For most high draft prospects, there is a clear-cut plan: Attend a high-profile college, have a breakout season, showcase all of the great things about your game, generate a lot of buzz and get drafted in the first 10 picks.
For international players, it’s a little harder. For 7’1 big man Dragan Bender, his season for Maccabi Tel Aviv was supposed to be his breakout showcase. After all, Maccabi historically has been one of the best teams in international basketball and routinely plays some of the best talent in the Euroleague. What better place to show the basketball world you are ready for the next level?
The problem is Maccabi wasn’t very good last season; in fact they were a downright disappointment, which in many ways derailed what should have been a promising year for Bender.
“It was a tough season really – a really tough season,” Bender told Basketball Insiders from his hotel room in Boston. “The beginning was great, but then we started to lose some games in the Euroleague and back in the Israeli league, we changed some players. We changed the coach. It was a totally different system. It was a tough season, especially for a young prospect with that kind of club, in that kind of position with all that pressure – it was really hard. Even though I didn’t play a lot, I had a lot of time to work. I used this season to work on myself.”
Not playing a lot has created something of a void for talent evaluators. Bender logged just 10.6 minutes per game in the Euroleague, as Maccabi tried to salvage their season at the expense of Bender’s playing time.
The experience wasn’t all bad for Bender, who used his time to work on his body and his game. He also learned some tough lessons about life and winning and losing, especially as part of such a storied team like Maccabi, where the pressures and expectations are so high.
“I have been through some things this season that some of these guys [in the draft] are going to be in, in the next two or three years,” Bender said. “It did help me a lot.”
It also prepared Bender for the pressure that comes from being a high-level draft pick at the next level.
“For sure, mental wise, definitely,” Bender said. “You understand some things. Of course it helps you a lot for sure in the long-term.
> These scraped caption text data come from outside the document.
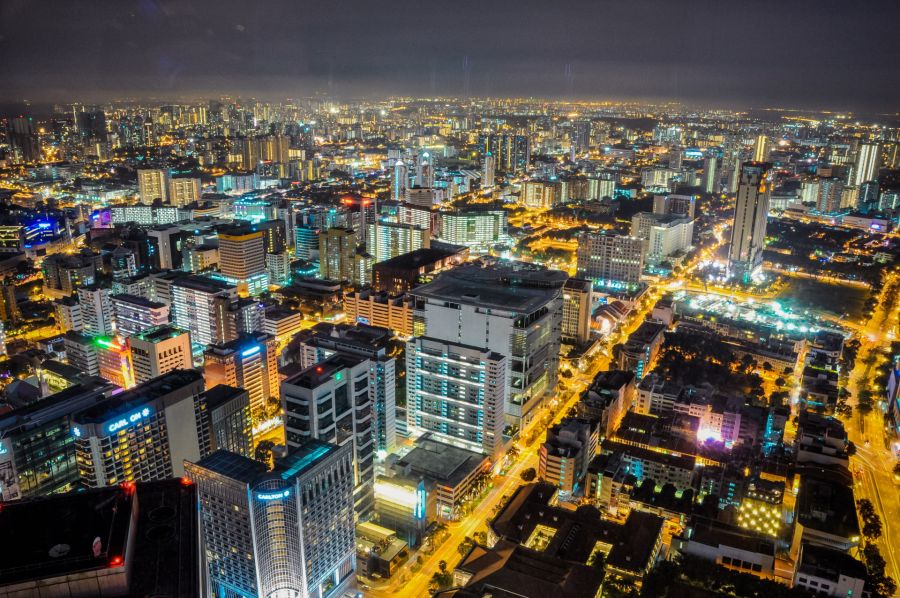 Vue nocturne panoramique d’une métropole illuminée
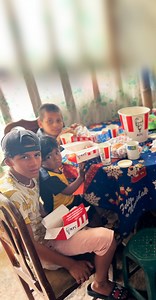 Cumplimos su sueño de comer KFC❤ ¡Feliz día del niño! | Ligia Naula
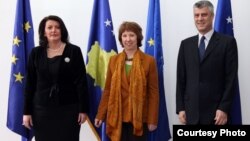 Predsednica Kosova Atifete Jahjaga, visoka predstavnica EU Ketrin Ešton i premijer Kosova Hašim Tači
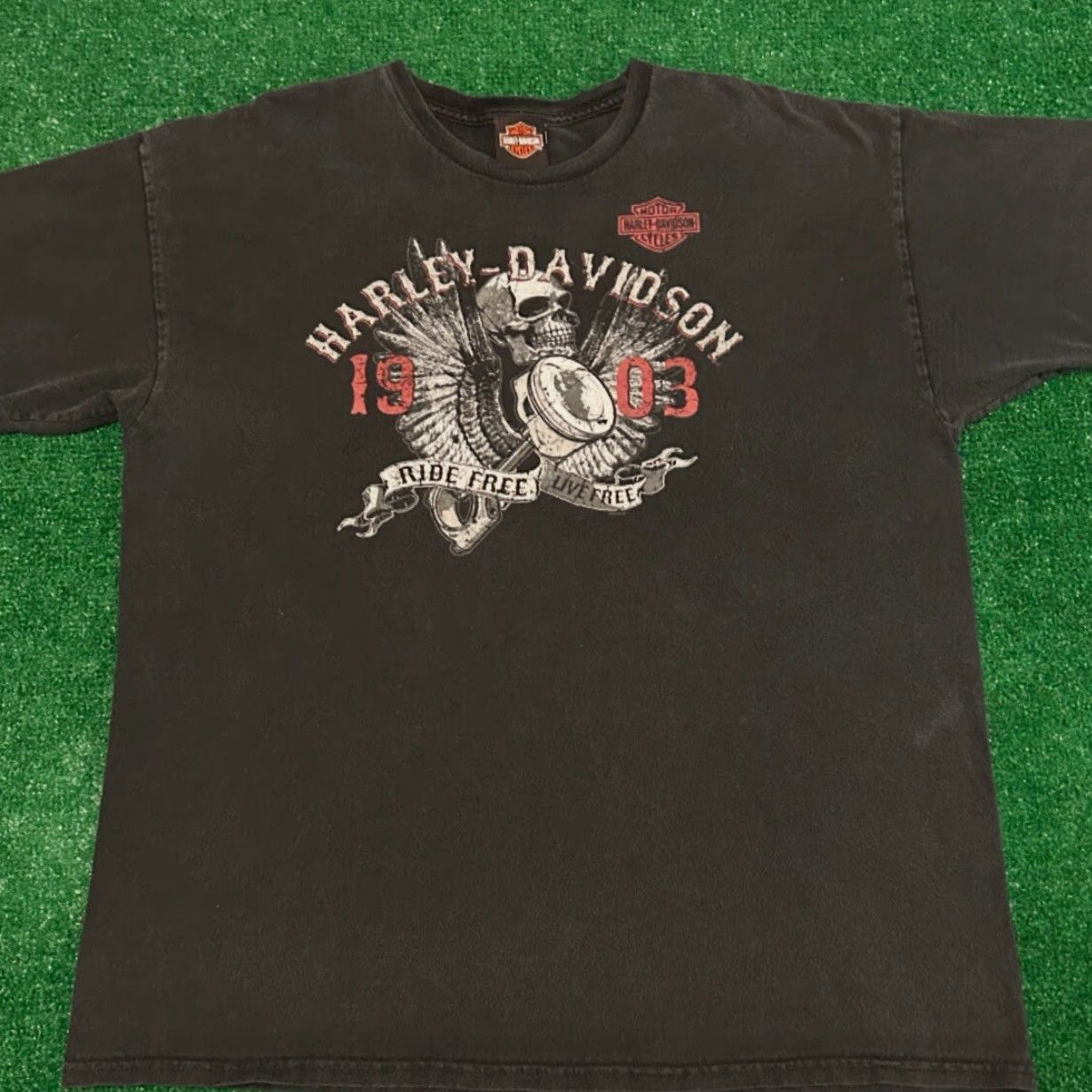 Harley Davidson VINTAGE Harley-Davidson Shirt XL Black Biker Eagle Skull Wings Logo 2013 Y2K 90s Men T-Shirt, Logo, VTG, Greensburg, PA Size US XL / EU 56 / 4 - 5 Thumbnail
“I was around every day with players a lot of years, like 10 years, older than me. You have to work really hard to be on the same level as those guys, to be able to play with them, to practice and then to compete with all those guys in the Euroleague or even back in the Israeli league.“
Unlike most in the 2016 NBA Draft, Bender has spent the last few years trying to earn playing time away from grown professional men, much like he’ll have to do in the NBA – something he feels like he’s ready for as he takes part in the draft process for NBA teams.
Bender arrived in the United States last Sunday and has been in to see a small handful of teams drafting at the top of the NBA draft. He has a few more visits scheduled before making his way to New York on Wednesday for the actual draft (which is in Brooklyn on Thursday).
“It is exciting. All of the practices, from the beginning right up to the draft, everything is new for me culture-wise. I am just trying to enjoy it and trying to do my best,” Bender said.
“For me, the draft and wherever I get picked, it’s just a dream come true. For me, all of this is exciting. It’s truly a blessing that I am here right now. There are great things ahead of me. I am not really trying to focus on those things. [I’m] just trying to focus on these workouts, the practices in-between, just trying to keep myself positive. Whatever is going to happen, we’ll see.”
Bender is the youngest player in the 2016 NBA Draft class, making him the player with potentially the biggest upside, especially for a team willing to spend a little bit of time developing him. He is already a solid offensive player with range out to the three-point line. He is an engaged shot blocker and a pretty good rebounder, with a 7’2 wingspan and a 9’3 standing range. Length and athleticism are desired traits in the NBA draft.
While Bender is truly a high-ceiling NBA draft prospect, he believes he can contribute right away, especially on defense.
“Versatility for sure; I can defend multiple positions on defense,” Bender said. “I can see the screens and stay in front of the guards. On offense, I am a big guy that can spread the floor. You know, spread the defense, make some passes and help the team in different ways both offensively and defensively for sure.
“I like to play basketball. I like to share the ball and just enjoy basketball on the court and in the game. Doing the right play just makes you happy. I like to play the game and be competitive. It does not matter if I score 30 points or 10 points – at the end of the day, for me, it just matters if we won the game.”
Bender has a calm understanding of everything that is in front of him, which is refreshing compared to some of his contemporaries who are thumping their chests and trying to make a case for a higher draft slot.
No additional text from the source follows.